Key words: Comics; Language; Construction of meaning; Information; Discoursive genres; Genre memory.


                                                                                       

 

 

 

Introdução
A área de conhecimento científico Ciência da Informação (CI) surgiu em meio ao “boom” informacional ocorrido em finais da Segunda Guerra Mundial, voltada à pesquisa sobre informação nos mais diferentes contextos sociais. O interesse de área destinava-se sobretudo a refletir sobre demandas informacionais no campo da ciência e tecnologia.

O artigo – hoje histórico - do cientista Vannevar Bush publicado em 1945 foi um dos primeiros textos a versar acerca da Ciência da Informação , podendo ser considerado atualmente como um dos textos de origem desse campo de estudo (Saracevic, 1996, p. 42). Nele Bush pretendia tornar mais acessível um acervo crescente de conhecimento identificando o problema da explosão informacional e o papel das tecnologias de informação como um meio de possível solução. Outros trabalhos como o de Wersig & Nevelling de 1975 (apud Saracevic, 1996, p. 43) trataram dos aspectos históricos da Ciência da Informação  enfatizando sua natureza e relevância social na transmissão de conhecimento no mundo contemporâneo.

Saracevic (1995) recorda que “a explosão da informação é um problema social que teve seu início com o desenvolvimento das ciências, e hoje estende-se para todas as atividades humanas”. Desse modo, a Ciência da Informação é vista como um campo de conhecimento interdisciplinar de importância estratégica não somente no âmbito da ciência mas – principalmente nos dias atuais – nas mais diversas esferas que englobam o contexto social contemporâneo.

Um dos pressupostos que norteiam esta análise é o de que a Ciência da Informação , admitindo a interdisciplinaridade da área, e para resolver os diversos problemas que a informação demanda, estabelece diálogo com diversas áreas do conhecimento, como por exemplo a Psicologia Social, a Computação, a Biblioteconomia, e especialmente com os estudos da linguagem.
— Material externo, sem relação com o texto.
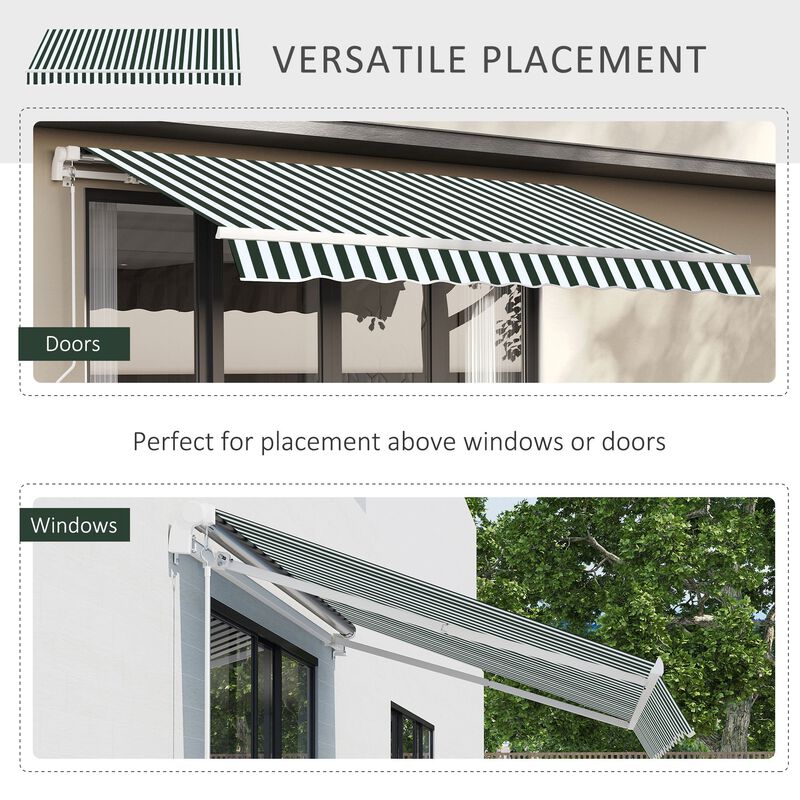 Green/White Sun Shield: 8'x7' Manual Retractable Patio Awning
Outro pressuposto a nortear este artigo é o de que o ser humano se constitui discursivamente e para tal a linguagem é elemento fundamental. É pela linguagem que os grupos humanos constroem os contextos sociais, estabelecendo relações afetivas, comerciais, informacionais. Podemos dizer que independente do contexto social ao qual esteja ligada, todo e qualquer tipo de informação pertence a uma determinada linguagem que pode ser compreendida como o meio pelo qual as culturas humanas constroem narrativas e discursos que orientam suas ações (Ferreira; Orrico, 2002, p. 8).

Além da informação técnico e científica – nos mais variados suportes – o campo de estudo da Ciência da Informação abarca uma gama variada de linguagens que pode ir da fotográfica e cinematográfica até, por exemplo, a quadrinística.

Desse modo, acreditamos ser de grande importância compreender como ocorre o fenômeno informacional em determinadas linguagens e como se dá a criação de sentido em linguagens específicas, uma vez que “a função e a natureza da informação comportam um elemento de sentido, uma produção de significado transmitida por meio de um sistema de signos (a linguagem) a um ser consciente (o indívíduo) por meio de uma inscrição (a mensagem) (Castro, 2005).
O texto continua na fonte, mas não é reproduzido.